This has all been addressed above, Mike. God is God for all, whether they recognize Him or not; Christ is Savior for all whether they recognize Him or not (that doesn’t, of course, translate into an automatic salvation for all). There is not a multitude of Heavens because there is not a multitude of gods; GOD is GOD, and to live eternally in His Presence is Heaven. Anyone who is saved is saved FOR the Father by the Incarnate Son. Just as all creation was created in and through the Son, so all creation is redeemed in and through the Incarnation of the Son.
 
I find it very hard to believe that all the non-Christians in the world are doomed, even though many of them have lived good and peaceful lives. Now the Catholic Church does make some allowance for people who do not know the Church yet make an honest and sincere attempt to follow God the best of their ability. However, is the Christian God actually maybe the same as the Hindu one, the Muslim one, etc.?

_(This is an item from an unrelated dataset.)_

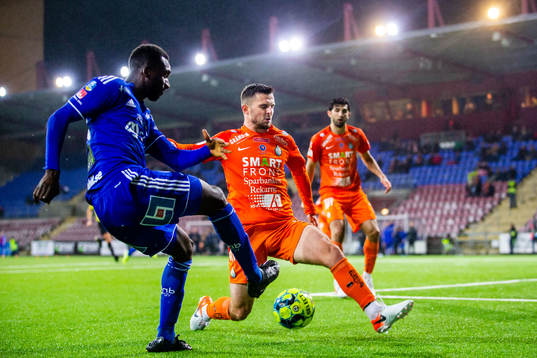 Sundsvalls Peter Wilson och AFC Eskilstunas Kadir Hodzic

What do you think? Please try to think a little deeper than “No, if they are not Christian and/or Catholic they are doomed”. I hesitiated posting this knowing some of the audience, but I thought I’d give it shot.
I, too, don’t think all non-Christians are doomed. God is merciful and will judge them according to how they lived their lives based on what they knew to be right/wrong and true/false.
There is only one God so even though the Hindus and Muslims think they’re worshipping Allah or whoever, it is in fact the same God that Christians worship. They just give God a different name. Granted, that doesn’t make it ok but that’s just what they’ve been taught. They don’t know any better.
 
This has all been addressed above, Mike. God is God for all, whether they recognize Him or not; Christ is Savior for all whether they recognize Him or not (that doesn’t, of course, translate into an automatic salvation for all). There is not a multitude of Heavens because there is not a multitude of gods; GOD is GOD, and to live eternally in His Presence is Heaven. Anyone who is saved is saved FOR the Father by the Incarnate Son. Just as all creation was created in and through the Son, so all creation is redeemed in and through the Incarnation of the Son.
True, from a Christian viewpoint 🙂 . However, from the viewpoint and experience of millions, the Christian God is not the only, or even the highest, God (though most polytheists would likely allow that the Christian God may well exist but that His or His followers’ claims that He is the only God are incorrect). Based on the belief and real spiritual experiences of these people (which are just as real as those of Christians when compared by the same criteria), there are a multitude of Gods.
 
There is only one God so even though the Hindus and Muslims think they’re worshipping Allah or whoever, it is in fact the same God that Christians worship. They just give God a different name. Granted, that doesn’t make it ok but that’s just what they’ve been taught. They don’t know any better.
Thre are many Gods, so even though the Christians and the Muslims and the Jews think they are worshipping the only God, they really are only worshipping one of the many Gods, even if their God claims to be the only one. They just don’t think that the other Gods exist. Granted they are mistaken, but that’s just what they’ve been taught. They don’t know any better.
 
Thre are many Gods, so even though the Christians and the Muslims and the Jews think they are worshipping the only God, they really are only worshipping one of the many Gods, even if their God claims to be the only one. They just don’t think that the other Gods exist. Granted they are mistaken, but that’s just what they’ve been taught. They don’t know any better.
How do you figure there are many Gods?
 
How do you figure there are many Gods?
Personal experience. The experience of millions of people over millenia of deities that are by any reasonable measure not identical.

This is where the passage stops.